Der Musik des Kollektivs wohnt eine große Unruhe inne aber auch der Versuch sämtliche festgelegte musikalische Formen aufzusprengen und neu zu arrangieren. So begegnet man in ihren Kompositionen nicht nur den klassischen Instrumenten des Jazz wie Saxophon, Vibraphon oder Schlagzeug sondern auch die Violine hat ihren Stammplatz.

Die Anfänge des Projekts waren nebenbei – so die Musiker selbst – noch stark von Hip-Hop beeinflusst. So sollen vor allem die Rabauken des Wu-Tang-Clans, einem der einflussreichsten und wichtigsten amerikanischen Hip-Hop Kollektive, Pate für die ersten Töne der Musiker gestanden haben. Eigentlich unglaublich, denn ihre Klangbilder sind meilenweit von kommerzieller Hip-Hop-Pose entfernt. Aber an irgendetwas erinnern ihre Töne dennoch. Nämlich daran, dass Deutschland tatsächlich mal eine sehr innovative Musikszene besaß – weitab von den meist amerikanisierten Formaten die heute jenseits der Mosel produziert werden. In den ach so wilden 60er, 70er und 80er Jahren machten sich verschiedene deutsche Musiker dazu auf das Selbstbild der Rock- und Avantgarde-Musik nachhaltig zu verändern und erfanden den sogenannten Krautrock. Gruppen wie Can, Amon Düül oder Neu! brachen mit den eher politischen Bands der Zeit – wie beispielsweise Ton, Steine, Scherben – und produzierten eine selbstbezogene, innovative und experimentelle Art der Musik die bis heute ihresgleichen sucht. Zumal Can, der mit Holger Czukay ein Schüler des Komponisten Karl-Heinz Stockhausen angehörte, hat bis heute großen Einfluss auf das Musikgeschehen. Waren sie doch auch die ersten die Experimente mit Synthesizern in Pop – oder pop-artigen – Stücken wagten und so den Weg für die elektronische Musik erst ebneten.

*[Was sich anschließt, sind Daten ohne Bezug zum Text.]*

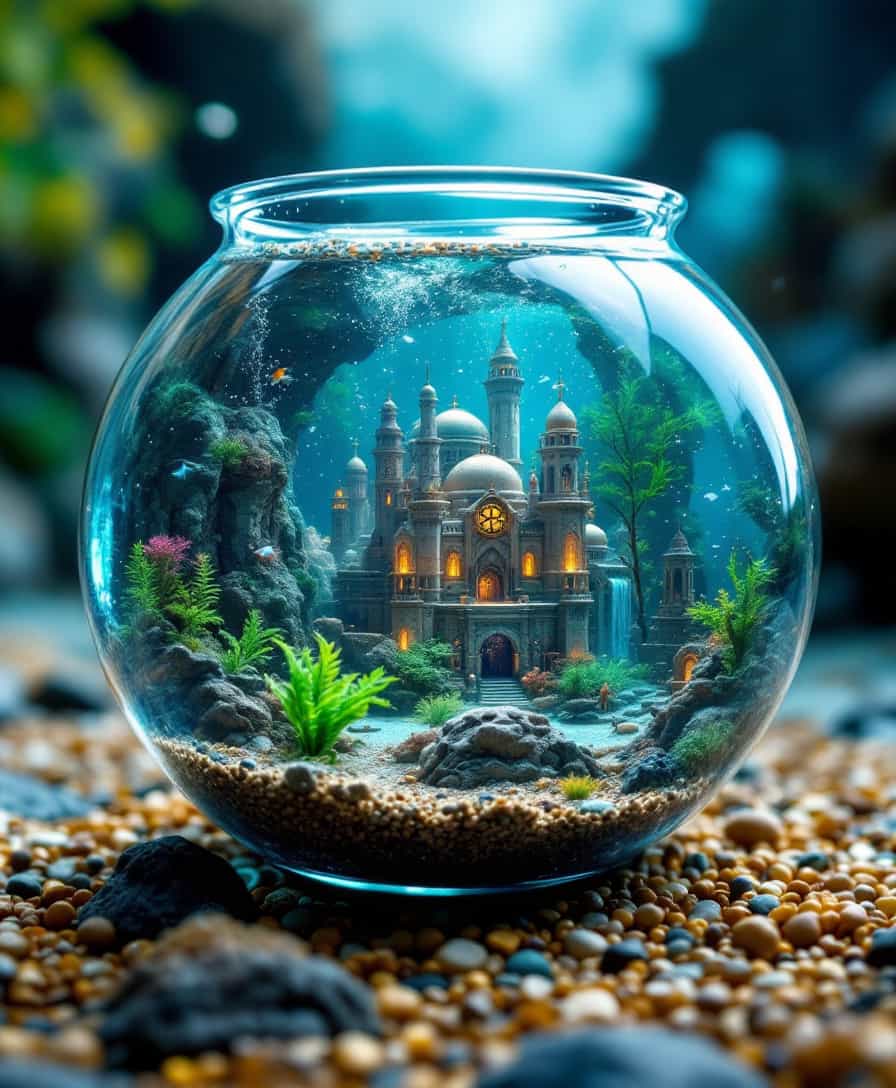 Fantasy Castle MicroAquascape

Dass beim Kammerflimmer Kollektief Krautrock mit im Spiel ist, lässt sich kaum verneinen. Und doch gehen sie weiter als ihre Vorgänger und sind vor allem anders. Erstens basieren ihre Kompositionen meist auf Elektro-Sequenzen die Weber alleine herstellt und welche dann mit den anderen Musikern wieder aufbereitet werden, so dass Geräusche, Frequenzen und Störungen als Basis der Musik gelten. Und zweitens lassen sich die Karlsruher zweifelsfrei nicht unter Rockmusik vermarkten. Sie haben sich eher dem Jazz – vor allem dem Free-Jazz – und der Elektronik verschrieben, und bringen so, ganz nebenbei, etwas frischen Wind in das doch recht kleine Genre des Elektro-Jazz, das bis dato eher für Easy-Listening bekannt war.

Wer also die Philharmonie einmal anders und mit ganz aufregender Musik erleben möchte, der sollte sich am Freitag auf den Weg nach Kirchberg machen.

Am 17. Dezember in der Philharmonie.